Buck said the House will execute a new contract with Clement to keep him on retainer, but the terms of the contract will be the same as they were when Clement was employed at King & Spalding: a blended rate of $520 an hour and an initial total sum that could reach $500,000.
Drew Hammill, a spokesperson for House Minority Leader Nancy Pelosi (D-Calif.), said the Democratic leader shares King & Spalding’s concerns about the lack of transparency and accountability in the way the contract was executed.
“She also vigorously opposes using half a million taxpayer dollars or any taxpayer resources to defend discrimination, at a time when Republicans in Congress are cutting critical initiatives like education and infrastructure,” Hammill said. “It is now more critical than ever that Speaker Boehner fully account for his decision to sign this half million dollar contract to defend this indefensible statue.”
House general counsel Kerry Kircher contracted with Clement for assistance with defending DOMA in court after the House Bipartisan Legal Advisory Group in March voted 3-2 along party lines to take up defense of the anti-gay law in court. On Feb. 23, U.S. Attorney General Eric Holder announced that President Obama had determined that DOMA was unconstitutional and that the Justice Department would no longer defend the law in court.
Praise for King & Spalding’s decision to drop defense of DOMA came from LGBT advocates on Monday.
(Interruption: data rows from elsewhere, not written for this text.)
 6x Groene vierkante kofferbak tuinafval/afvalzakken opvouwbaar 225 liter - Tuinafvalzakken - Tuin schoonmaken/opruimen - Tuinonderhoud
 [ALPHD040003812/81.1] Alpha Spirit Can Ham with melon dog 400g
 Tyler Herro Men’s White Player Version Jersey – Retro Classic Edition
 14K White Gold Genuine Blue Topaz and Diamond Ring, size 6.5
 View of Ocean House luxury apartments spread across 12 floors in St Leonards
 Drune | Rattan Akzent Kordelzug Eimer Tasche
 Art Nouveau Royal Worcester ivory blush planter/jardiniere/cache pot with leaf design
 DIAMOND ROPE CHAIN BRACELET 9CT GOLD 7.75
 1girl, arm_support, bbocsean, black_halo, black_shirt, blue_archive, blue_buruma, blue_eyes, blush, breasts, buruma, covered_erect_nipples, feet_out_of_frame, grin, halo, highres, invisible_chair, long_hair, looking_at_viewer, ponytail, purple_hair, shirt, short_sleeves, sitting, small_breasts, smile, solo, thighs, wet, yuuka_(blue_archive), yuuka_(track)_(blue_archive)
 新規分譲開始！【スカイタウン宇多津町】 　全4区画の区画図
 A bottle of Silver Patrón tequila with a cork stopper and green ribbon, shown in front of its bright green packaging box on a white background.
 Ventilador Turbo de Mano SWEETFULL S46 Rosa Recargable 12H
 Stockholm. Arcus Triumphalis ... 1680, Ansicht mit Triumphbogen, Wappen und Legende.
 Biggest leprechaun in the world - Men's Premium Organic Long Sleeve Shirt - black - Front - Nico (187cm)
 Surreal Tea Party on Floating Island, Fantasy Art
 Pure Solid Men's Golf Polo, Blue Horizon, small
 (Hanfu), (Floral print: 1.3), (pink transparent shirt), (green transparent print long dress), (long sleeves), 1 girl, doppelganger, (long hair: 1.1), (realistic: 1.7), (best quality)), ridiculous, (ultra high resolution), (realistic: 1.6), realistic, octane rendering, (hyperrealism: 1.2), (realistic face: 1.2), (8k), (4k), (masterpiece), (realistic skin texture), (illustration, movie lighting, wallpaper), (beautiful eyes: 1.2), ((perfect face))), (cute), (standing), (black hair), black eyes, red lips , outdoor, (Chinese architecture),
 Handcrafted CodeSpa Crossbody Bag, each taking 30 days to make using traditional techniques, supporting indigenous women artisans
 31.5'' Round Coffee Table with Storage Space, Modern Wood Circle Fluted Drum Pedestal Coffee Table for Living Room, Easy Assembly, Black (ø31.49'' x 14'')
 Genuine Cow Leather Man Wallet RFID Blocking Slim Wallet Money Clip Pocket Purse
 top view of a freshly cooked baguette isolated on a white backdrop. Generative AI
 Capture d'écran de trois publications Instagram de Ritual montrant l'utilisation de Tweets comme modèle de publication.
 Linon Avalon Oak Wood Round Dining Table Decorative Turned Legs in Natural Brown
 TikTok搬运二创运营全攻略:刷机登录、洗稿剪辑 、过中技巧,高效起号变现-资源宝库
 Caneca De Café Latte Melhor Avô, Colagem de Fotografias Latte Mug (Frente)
Joe Solmonese, president of the Human Rights Campaign, said the firm made the right the decision by discontinuing its agreement to litigation on behalf of the anti-gay law.
“King & Spalding has rightly chosen to put principle above politics in dropping its involvement in the defense of this discriminatory and patently unconstitutional law,” Solmonese said. “We are pleased to see the firm has decided to stand on the right side of history and remain true to its core values.”
On Friday, HRC announced its was launching a campaign to inform clients and potential recruits about King & Spalding’s decision to defend DOMA. Among the components of the planned campaign were ads in mainstream and legal publications, titled “Shame,” which would have featured stories of families affected by the anti-gay law.
Richard Socarides, president of Equality Matters, also praised King & Spalding for recognizing that its participation in the legal defense of DOMA was unacceptable.
“All Americans deserve access to an attorney, but attorneys need to be held accountable for the clients they voluntarily decide to represent,” Socarides said.
Socarides added that Boehner’s decision to hire King & Spalding was unnecessary because the speaker has “an army of in-house legal talent” that could represent his position in favor of DOMA in court.
“If he is serious about cutting the deficit he needs to look to his in-house counsel to represent him in these proceedings, instead of spending taxpayer dollars for a service already provided to his office,” Socarides said.